نوع مقاله : مقاله مروری
تازه های تحقیق
محمد اسلامیان: Google Scholar
عنوان مقاله English
نویسندگان English
Background and Objectives: Liver transplantation is often associated with significant intraoperative bleeding, exposing patients to extensive use of allogeneic blood products. Intraoperative blood salvage (IBS) is a solution to mitigate this effect; however, its oncologic and infectious safety remains a matter of debate. This narrative review aims to synthesize the current evidence regarding the efficacy and safety of IBS and provide risk-based practical recommendations.
Methods: A critical search and synthesis of cohort studies, prospective investigations, and systematic reviews/meta-analyses was conducted, with a focus on: reduction in allogeneic blood product utilization, oncologic outcomes, infectious safety, and moderating factors such as leukocyte depletion filtration (LDF).

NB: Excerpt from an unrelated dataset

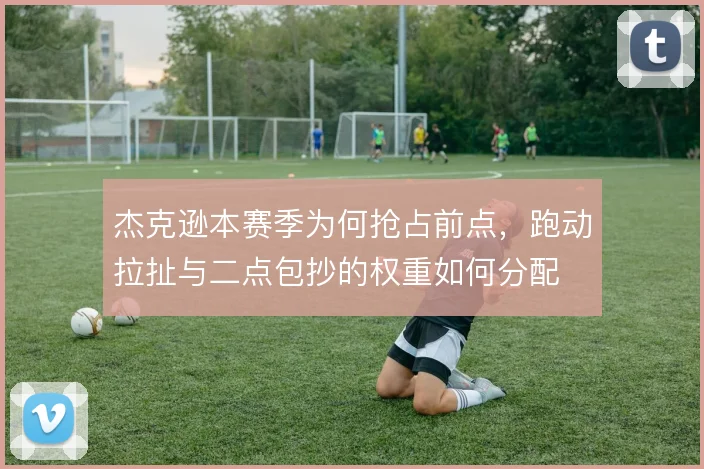杰克逊本赛季为何抢占前点，跑动拉扯与二点包抄的权重如何分配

Findings: Selective application of IBS tailored to bleeding risk and surgical field conditions consistently reduces the need for allogeneic transfusion, and the hematologic quality of salvaged products is acceptable. In hepatocellular carcinoma, the body of evidence suggests that IBS —particularly with standard use of LDF— is comparable to allogeneic transfusion strategies in terms of recurrence and survival, although cautionary signals have been reported in high-risk subgroups, such as patients with elevated alpha-fetoprotein levels. From an infectious standpoint, in living donor liver transplantation, bile is frequently sterile and LDF effectively reduces contamination; however, in deceased donor transplantation, the performance of LDF may be inadequate in the presence of a high bacterial load.
Conclusions: IBS represents a safe and effective option for reducing allogeneic exposure in many liver transplant recipients. Decision-making in high-risk subgroups should be guided by individualized risk assessment.